Republicans and Democrats continued their fight over taxes Tuesday as Democratic Gov. Mark Dayton announced property taxes are expected to fall 1.5 percent in 2014.
"This is reversing a decade-long trend," Revenue Commissioner Myron Frans said.
But the projection that taxes will fall $121 million statewide next year is just a best guess, Frans admitted. Since local officials make almost all property tax decisions, the Dayton administration has little say.
Republican leaders Senator David Hann of Eden Prairie and Representative Kurt Daudt of Crown said they never have seen property taxes go down, even when the state sends local governments more state aid as happened this year.
"These are local decisions," Hann said, so state officials have no way of knowing what will happen to property taxes now, months before local budgets are written.

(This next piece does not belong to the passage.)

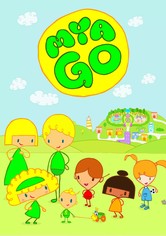Mya Go - 1.ª Temporada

Hann and Daudt also said that all Minnesota taxpayers will pay higher taxes under the Democratic budget, after they cut taxes when they controlled the Legislature.
Neither side could produce facts to back up the predictions.
Dayton brought up himself that his Revenue Department is not always right, citing last year's projection that allowing electronic pulltabs and bingo in Minnesota bars would bring in plenty of revenue to fund a new Vikings stadium. He found out this year that the revenue was falling far short of what is needed.
Hann and Daudt avoided commenting when asked about the fact that taxes actually increased when they approved tax cuts two years ago.
Dayton and Frans asked reporters into the governor's office to tout a new report that they said shows an expected property tax decrease.
They credited Democratic initiatives such as increasing state aid paid to cities, counties and townships. The two said that property taxes have gone up 86 percent since 2002, and next year will be the first time they have decreased in more than 10 years.
Frans said that without the Democratic tax changes, property taxes would go up $180 million next year.
Dayton promised reporters that his staff would forward information about how accurate projections such as he released Tuesday have been over the years. Nothing arrived Tuesday, and a Revenue Department spokesman said such a comparison would take days.
It did not take days for Republicans to discredit the projection. Like Dayton, they compared Tuesday's report to the stadium funding miscalculation.
"They are from the same source," Hann said.
Daudt called the governor's announcement a "gimmick."